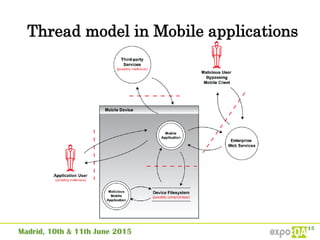 Thread model in Mobile applications
 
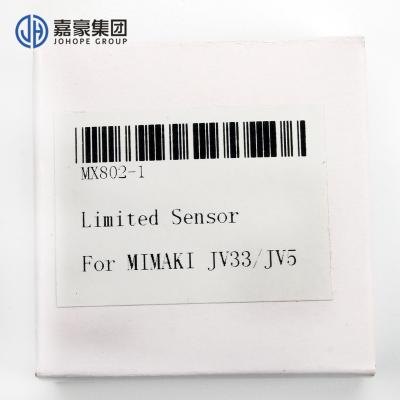 China for sale
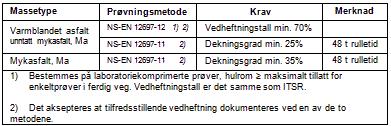 Prosjekt: PROSJEKT 158 GS-VEG ØSTVEIEN, FV.390 FEIERSKAUEN-VELVEIEN Side -36 Element: Kapittel 01 Sted : Veg Asfaltgranulat kan tilsettes som gjenbruk i alle normerte typer av varmblandet asfalt.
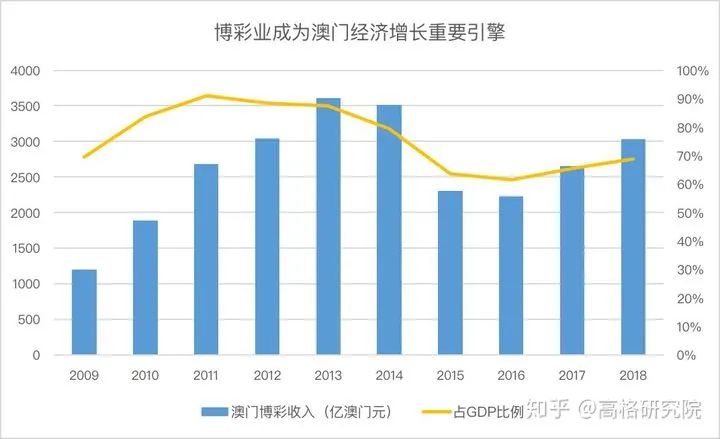 澳门天天开彩期期精准，统计解答解释落实_cyb40.29.34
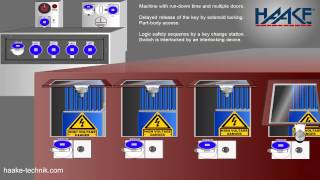 HST 6 door interlocks trapped key systems key operated mechanical interlocks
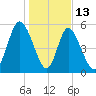 Cowen Creek tide chart for Tuesday, January 13, 2026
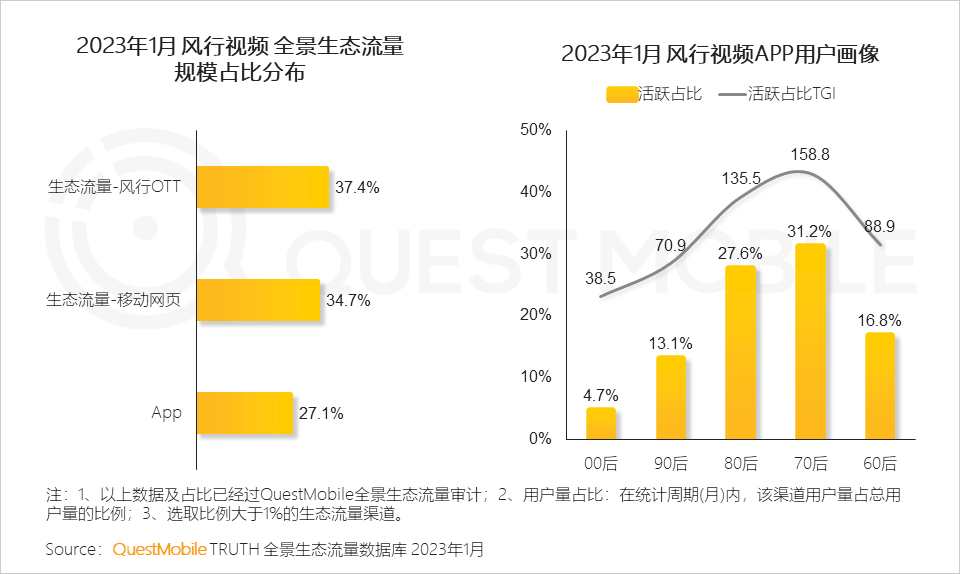 023全景生态流量春季报告"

> Brief
Only the lines from the line with "澳门天天开彩期期精准，统计解答解释落实_cyb40.29.34" through the closing line of the data, both included, should be set down, exactly as written and without pictures.

> Finished task
 澳门天天开彩期期精准，统计解答解释落实_cyb40.29.34
 HST 6 door interlocks trapped key systems key operated mechanical interlocks
 Cowen Creek tide chart for Tuesday, January 13, 2026
 023全景生态流量春季报告"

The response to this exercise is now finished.